- Australia / Bangladesh
- Dates: 13 – 26 August 2026
- Captains: Pat Cummins / Najmul Hossain Shanto

Test series
- Result: 2-match series drawn 1–1
- Most runs: Cameron Green (184) / Najmul Hossain Shanto (115)
- Most wickets: Mitchell Starc (12) / Hasan Mahmud (9)
- Player of the series: Mitchell Starc (Aus)

= Bangladeshi cricket team in Australia in 2026 =

International cricket tour

The Bangladesh cricket team toured Australia in August 2026 to play the Australia cricket team. The tour consisted of two Test matches. The Test series formed part of the 2025–2027 ICC World Test Championship. In February 2026, the Cricket Australia (CA) confirmed the fixtures for the tour.

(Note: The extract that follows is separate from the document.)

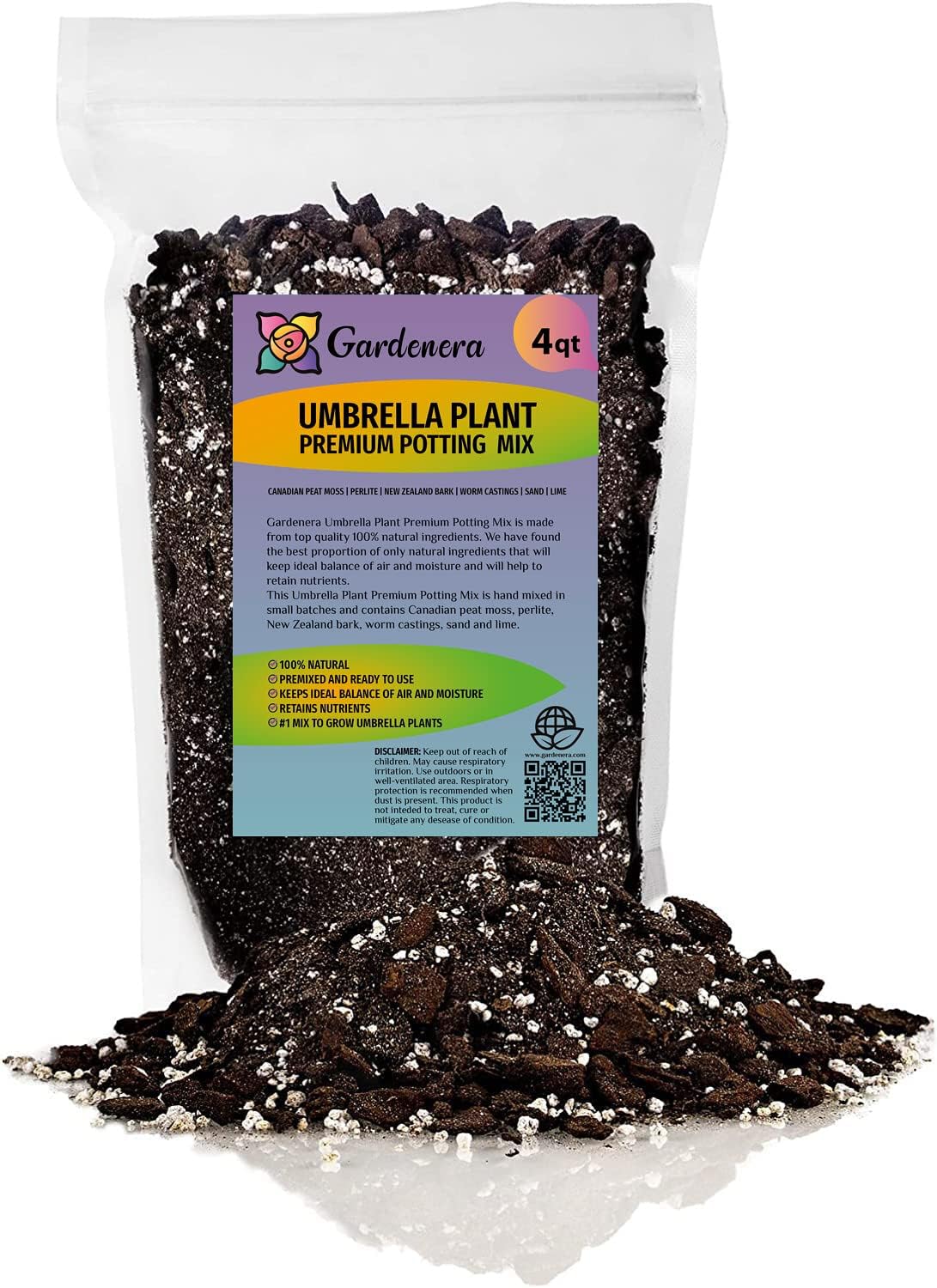 Gardenera Umbrella Plant Premium Potting Mix - Experience The Difference of Hand-Mixed Quality and Natural Ingredients - 4 Quart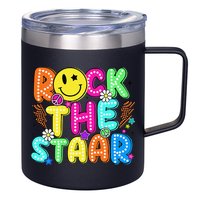 Funny Rock The Test Testing Day Teacher Student Motivational 12oz Stainless Steel Coffee Mug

It was Bangladesh's first tour to Australia in 23 years. The series also marked the first winter Tests in Australia since 2004. Initially, the tour was scheduled to take place in March 2027 but was later moved to 2026 due to fixture congestion with the 150th Anniversary Test against England.

== Squads ==

| Australia | Bangladesh |
|---|---|
| Pat Cummins (c); Steve Smith (vc); Scott Boland; Alex Carey (wk); Cameron Green; Josh Hazlewood; Travis Head; Josh Inglis (wk); Marnus Labuschagne; Nathan Lyon; Matt Renshaw; Mitchell Starc; Jake Weatherald; Beau Webster; | Najmul Hossain Shanto (c); Mehidy Hasan Miraz (vc); Khaled Ahmed; Taskin Ahmed; Jaker Ali (wk); Litton Das (wk); Mominul Haque; Amite Hasan (wk); Musfik Hasan; Tanzid Hasan; Ebadot Hossain; Shadman Islam; Taijul Islam; Hasan Mahmud; Mushfiqur Rahim; Soumya Sarkar; |

On 1 August 2026, after recovering from injury, Litton Das was added to Bangladesh's squad. On 18 August, Matt Renshaw was announced to replace Jake Weatherald in the squad for the second test.

==Tour match==

Three-day match : Bangladesh vs Cricket Australia XI:

The Bangladesh team played a three-day match against the Australia XI team.